1979 film by Oswaldo de Oliveira

Histórias Que Nossas Babás não Contavam is a 1979 Brazilian film directed by Oswaldo de Oliveira and written by Ody Fraga. It is an adaptation of the Snow White story. Although it failed to secure its lead actress stardom, it is considered as a classic of pornochanchada genre with blending chanchada, elements of softcore, a superficial content, and a vulgar sense of humour.

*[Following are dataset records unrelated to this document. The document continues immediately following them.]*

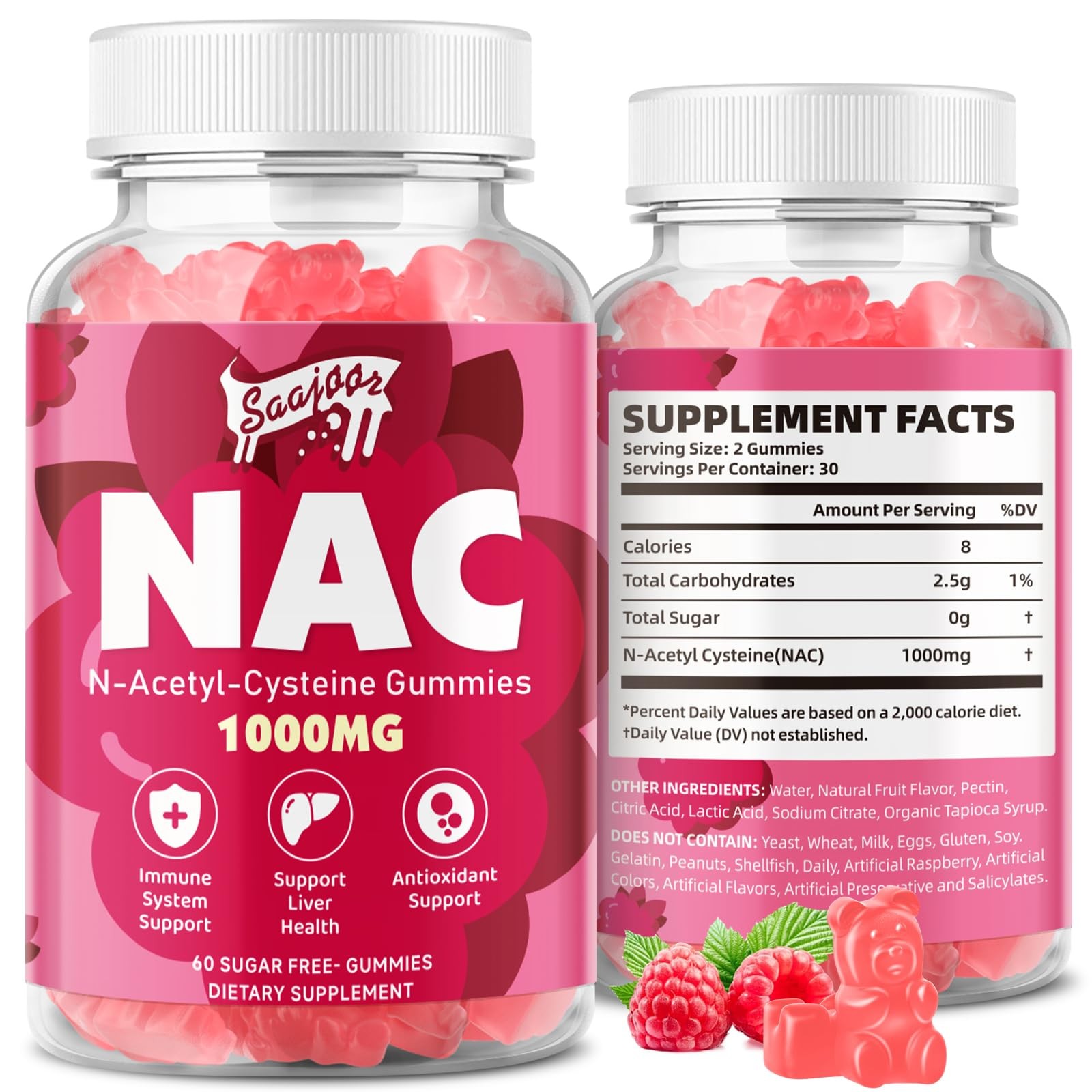 NAC Gummies Sugar-Free, N-Acetyl Cysteine 1 Count (Pack of 60), 1pack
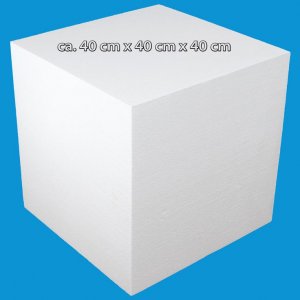 Styroporwürfel mit einer Kantenlänge von 40 cm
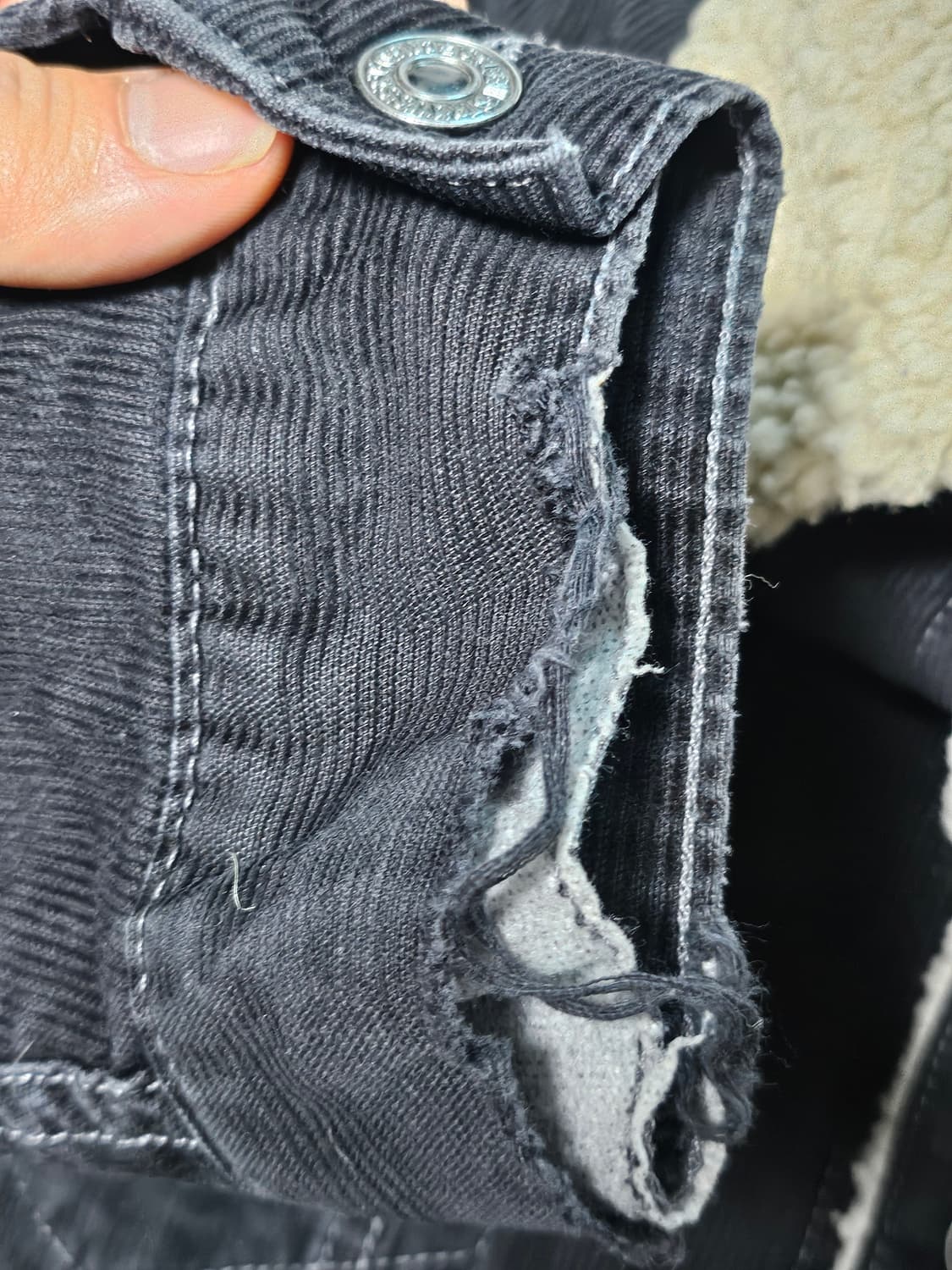 리바이스 70520 골덴 코듀로이 블랙 쉐르파 트러커 자켓 L 상품이미지5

The film features an Afro-Brazilian actress, Adele Fátima, as Snow White. Snow White is not named "White" (branca) but clara (a Brazilian racial term similar to "high yellow", morena clara in full). Also the name "Clara das Neves" may be read as a real person's name. The forest in the film is a jungle home to wild animals such as jaguars, monkeys, and some odd white rabbits. Snow White dances to a samba-canção played and sung by the Dwarfs. Characters of the Dwarfs are influenced by the Disney movie.

==Synopsis==

Snow White lives in the castle with her father and her stepmother. Prince is her stepmother's lover. Her father dies and her stepmother banishes Snow White. Prince and Snow White meet accidentally and start a love affair. Queen witnesses this affair and commissions a hunter (played by Costinha, a veteran Brazilian comedian) to kill Snow White. Snow White offers herself to the hunter to survive. She then flees to the forest. She is found unconscious by the Seven Dwarfs and taken to their cottage. Six of the Dwarfs (except Grumpy (Zangado) who is gay) make advances to sleep with Snow White. Queen learning from the mirror that she is still alive and happier, commits suicide by eating a poisonous apple. Prince goes into the forest to find Snow White. To end the conflict, Dwarfs decide to draw lots and Dopey (Dunga) wins. Snow White finds out that Dopey possesses a huge virile member. Next day, Prince arrives at the cottage to take Snow White. She refuses, telling the Prince that Dopey is her lover. Prince takes the tempting Grumpy instead.